Carolina Pro Musica presented a program of lessons and carols for the Christmas season at St. Mary’s Chapel near downtown Charlotte. The recital demonstrated to its audience both the joys and the hazards of early music recitals presented on period instruments. The joys are the discovery by audience members of hitherto unheard works and the intended sound of works that they may have previously heard only filtered through 19th century romanticism. The hazards are spending too much time analyzing what one is hearing.
While I did experience some emotional highs, I fear this concert appealed more to my head than to my heart. I frequently found myself analyzing a selection, considering its role in the history of Western music, thinking of what was to come next in musical development rather than leaning back and reveling in the work at hand. An example would be the Erhard Bodenschatz “Joseph lieber, Joseph mein,” a competent 16th century precursor to J.S. Bach’s masterpieces. The Bodenschatz carol was informative but not memorable. This German Lutheran composer may have been a worthy, and certainly an interesting, precursor but as the saying goes, “Erhard Bodenschatz is no Johann Sebastian Bach.”
I also spent time pondering the 1582 Finnish songbook Piae Cantiones, a compilation from which four carols had been chosen for this concert. Some selections from Piae Cantiones moved me. I especially liked the opening “Personent Hodie” and the “Divinum Mysterium” that occurred later in the concert. Other high points included Caspar Othmayr’s “Nun komm der Heiden Heiland” with its fine counterpoint and “Cuncti simus concanentes” taken from the 1399 song collection compiled at the Benedictine monastery of the Black Virgin near Barcelona.
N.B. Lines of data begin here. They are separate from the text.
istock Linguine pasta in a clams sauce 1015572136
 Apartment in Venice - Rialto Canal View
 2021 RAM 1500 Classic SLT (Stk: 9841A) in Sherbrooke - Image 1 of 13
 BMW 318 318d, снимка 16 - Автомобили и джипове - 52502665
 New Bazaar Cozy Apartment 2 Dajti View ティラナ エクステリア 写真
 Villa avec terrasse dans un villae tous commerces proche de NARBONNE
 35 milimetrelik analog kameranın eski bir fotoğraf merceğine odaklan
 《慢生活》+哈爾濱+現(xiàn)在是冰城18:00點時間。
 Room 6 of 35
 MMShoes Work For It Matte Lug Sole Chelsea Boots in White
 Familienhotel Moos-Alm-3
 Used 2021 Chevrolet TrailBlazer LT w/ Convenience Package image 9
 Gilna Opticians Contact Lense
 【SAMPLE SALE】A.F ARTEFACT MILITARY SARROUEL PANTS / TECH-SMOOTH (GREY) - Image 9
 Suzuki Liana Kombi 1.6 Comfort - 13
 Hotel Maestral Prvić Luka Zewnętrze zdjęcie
The Catalonian syncopation of the latter work was a welcome relief from the uniform rhythmic treatments favored by the German composers who dominated the program.
The Carolina Pro Musica musicians were Karen Hite Jacob (artistic director, harpsichord, recorder, harp, percussion, voice), Holly Wright Maurer (viola da gamba, recorder, voice), Rebecca Miller Saunders (soprano, percussion) and Edward Ferrell (recorders, guitar, voice). All of these players are well schooled in period music and performed with authority. This program was presented with just one male musician, and thus without the ability to have two male vocal parts in any of the works.
A capacity crowd of some 120 people attended the 7:00 pm performance; a second performance was to follow at 8:30 pm. My principal disappointment was the dry acoustics of St. Mary’s Chapel. Vocal technique for the period of early music includes no pitch vibrato, so without the acoustic presence provided by a resonant performing space, the music lacks full body. The entire December 5 program sounded thin to those who have heard performances at Belmont Abbey College. Carolina Pro Musica has available for sale a fine CD of their 2008 Christmas Concert, and to my ears that was a more satisfying concert than this year’s production, primarily because of the fine acoustics in the Abbey Basilica.